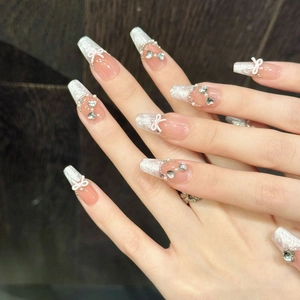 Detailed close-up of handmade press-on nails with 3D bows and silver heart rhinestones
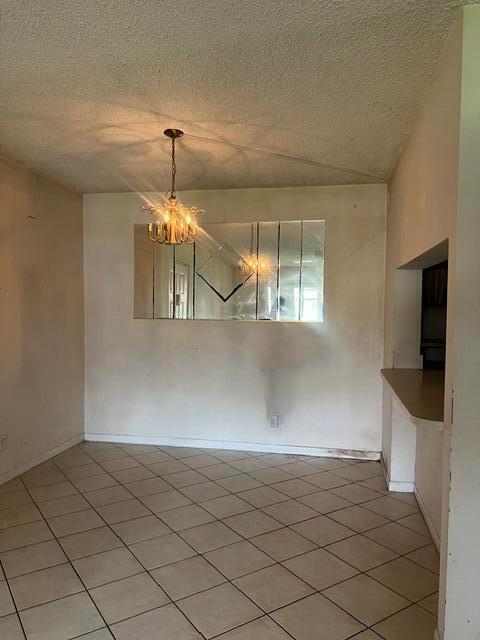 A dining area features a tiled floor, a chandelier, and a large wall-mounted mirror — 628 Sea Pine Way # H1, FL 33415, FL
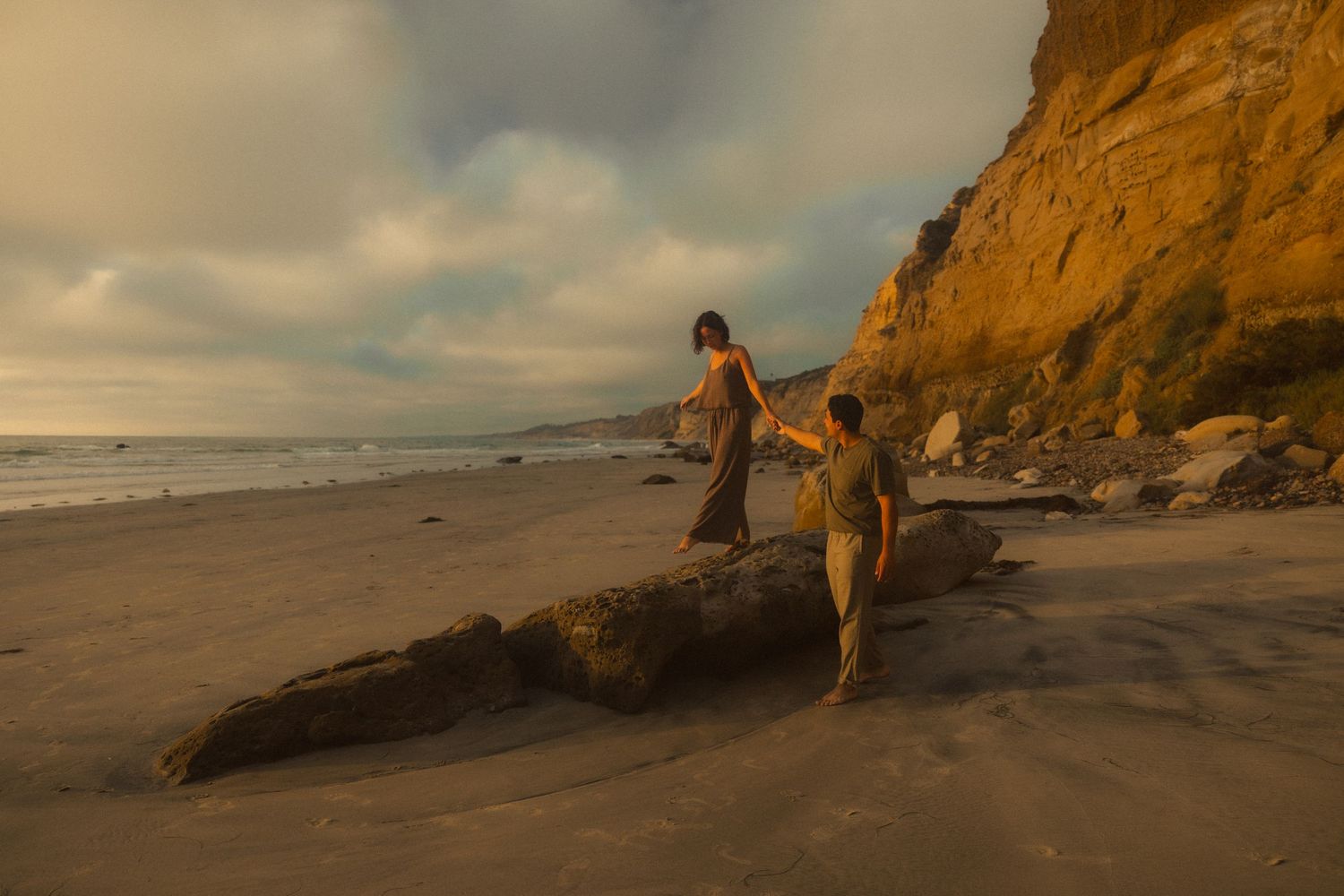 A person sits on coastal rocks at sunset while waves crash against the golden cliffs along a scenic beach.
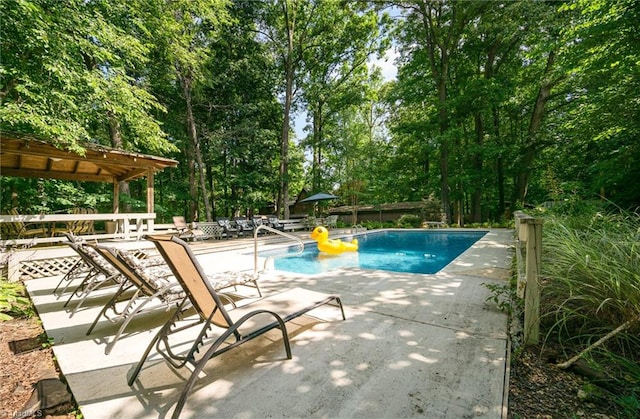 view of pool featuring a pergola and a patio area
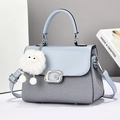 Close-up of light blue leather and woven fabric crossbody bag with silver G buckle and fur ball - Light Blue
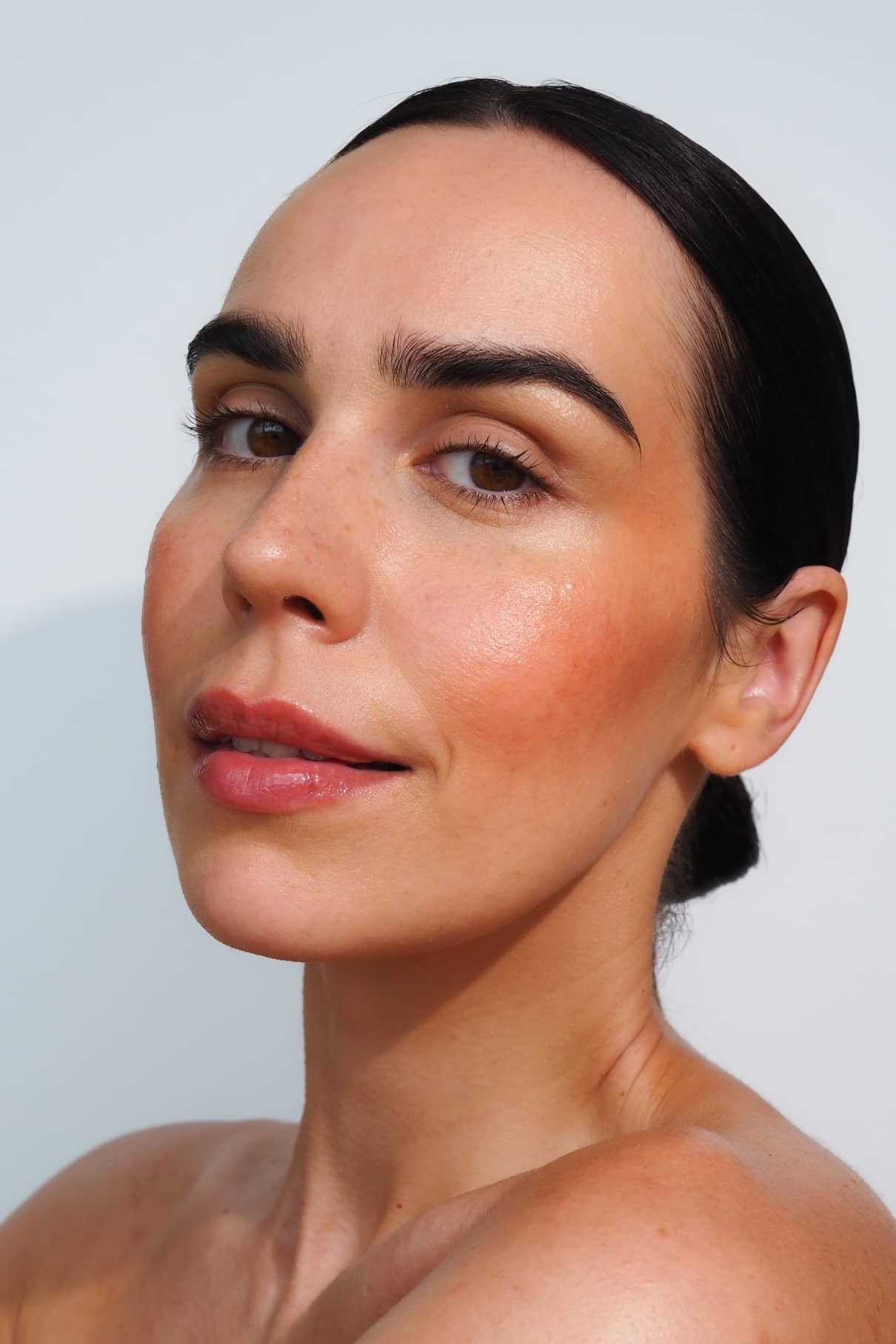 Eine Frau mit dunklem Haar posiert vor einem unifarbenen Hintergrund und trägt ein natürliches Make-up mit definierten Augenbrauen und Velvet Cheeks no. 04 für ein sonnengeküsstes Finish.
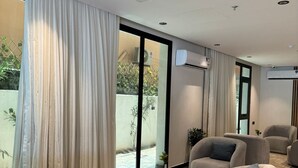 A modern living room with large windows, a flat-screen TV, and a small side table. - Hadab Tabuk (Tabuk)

________

**TASK TO CARRY OUT**
Hand over the entries again, exactly as written and without the pictures.

**SOLUTION BELOW**
 Detailed close-up of handmade press-on nails with 3D bows and silver heart rhinestones
 A dining area features a tiled floor, a chandelier, and a large wall-mounted mirror — 628 Sea Pine Way # H1, FL 33415, FL
 A person sits on coastal rocks at sunset while waves crash against the golden cliffs along a scenic beach.
 view of pool featuring a pergola and a patio area
 Close-up of light blue leather and woven fabric crossbody bag with silver G buckle and fur ball - Light Blue
 Eine Frau mit dunklem Haar posiert vor einem unifarbenen Hintergrund und trägt ein natürliches Make-up mit definierten Augenbrauen und Velvet Cheeks no. 04 für ein sonnengeküsstes Finish.
 A modern living room with large windows, a flat-screen TV, and a small side table. - Hadab Tabuk (Tabuk)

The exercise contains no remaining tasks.